Plant 100,000 trees. Replace conventional traffic lights with LEDs. Convert a fleet to run on alternative fuels. Attract clean tech jobs. Build more parks. Go paperless.
Each initiative can be carried out separately, but local governments are finding it useful to approach them together through a broadly defined sustainability plan.
Differing from climate action plans focused on reducing greenhouse gases and energy use, sustainability plans use a broader scope, and can incorporate land use practices such as increasing open space and affordable housing, according to the International Council for Local Environmental Initiatives.
The city of Newport News, Va. (population 193,000), has drafted a sustainability plan that could be adopted as early as this fall. Roadmap to Sustainability, describing the processes that the city utilized, was the theme of a presentation the city’s staff gave at the American Public Works Association's recent International Public Works Congress and Exposition in Anaheim.
About 3,100 full-time employees work for the city, which has almost completely developed its 70-square miles of land. The themes that guide the city’s vision of sustainability are economic vitality, healthy communities and natural environment.
“We’re in the infancy stage, but we’re very robust in what we’re looking to do,” said Reed Fowler, director of public works.
The sustainability division official became part of the city's public works department on Oct. 1.
“Some localities use consultants. Some use an interdepartmental approach, and that was our approach. We lean on the expertise of our various subject matter experts representing a variety of city departments,” said Jennifer Privette, sustainability coordinator.
When Privette started with the city in August 2010, her position created by stimulus funds, the committee had already been established for two years. The city council was one month shy of approving a set of strategic priorities, giving staff the direction they needed to move forward.
The city manager “recognizes that making sustainability a lasting part of our city’s culture really depends on each and every one of us thinking and acting 'green' as we go about our daily lives,” said Privette.
From installing LED traffic lights to implementing a 'Buy Green' policy and creating a community garden, the city's commitment to practicing sound environmental stewardship while balancing the needs of people, profit, and planet has produced positive results.
"However, while we were doing things, we needed to catalog them, identify them in some fashion,” said Privette, “and then moving forward, we needed to maintain a sustainable program.”

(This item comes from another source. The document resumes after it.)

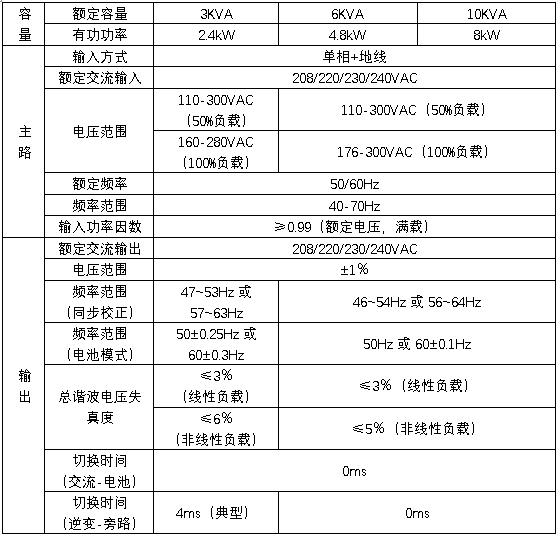 HB-H2000系列UPS規格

A tool that helps the staff stay organized and on track is an Environmental Management System. Fowler recently led the Department of Public Works through the 18-month Environmental Management System training program to identify potential environmental impacts, evaluate their significance, and develop administrative, operational, or engineering controls to minimize the environmental risks.

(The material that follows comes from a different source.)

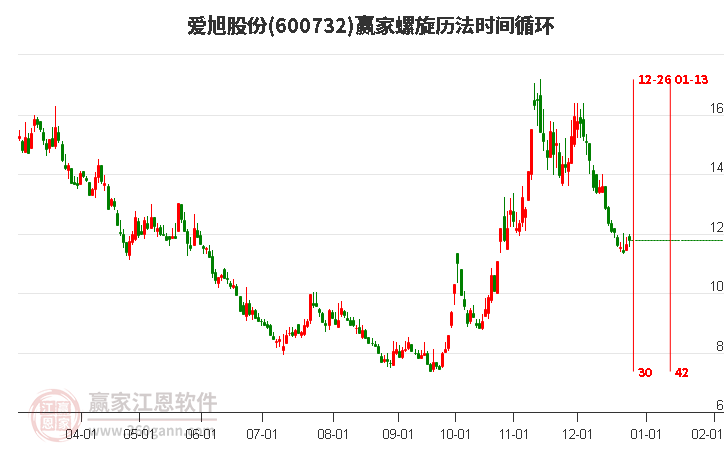 600732愛旭股份螺旋歷法時間循環(huán)工具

Marcus Leeper, EMS coordinator for public works, describes it as a set of management processes which help analyze, control and reduce environmental impacts.
“We created an EMS team with all frontline personnel and looked at everything we were doing, everything that we touched,” he said.
The point is to integrate environmental management into day-to-day operations. Even a wash rack used for cleaning vehicles can be evaluated. The suggestions range from retrofitting the racks with grey water systems to minimizing dirty water from entering the storm drains and polluting the Chesapeake Bay.
“You have frontline professionals looking at the scale of impact,” said Leeper. They came up with alternatives for recycling the water or hooking it up to a sanitary sewer. The improved operations can become standard operating procedures.
The importance of each action is weighted using a point system, said Privette. And taken into account is how important the action is to the community and the leadership. When coming up with this “matrix” she turned to the city of Asheville, N. C.
“A lot of localities have done that research for you,” she said. However, Privette advises there are key decisions that each locality should address early in the process:
• Do you hire a consultant to draft the sustainability plan or do it in-house?
• Is the city manager responsible for implementing the plan, or the department heads?
• Is the document part of the city’s comprehensive master plan, or a separate entity?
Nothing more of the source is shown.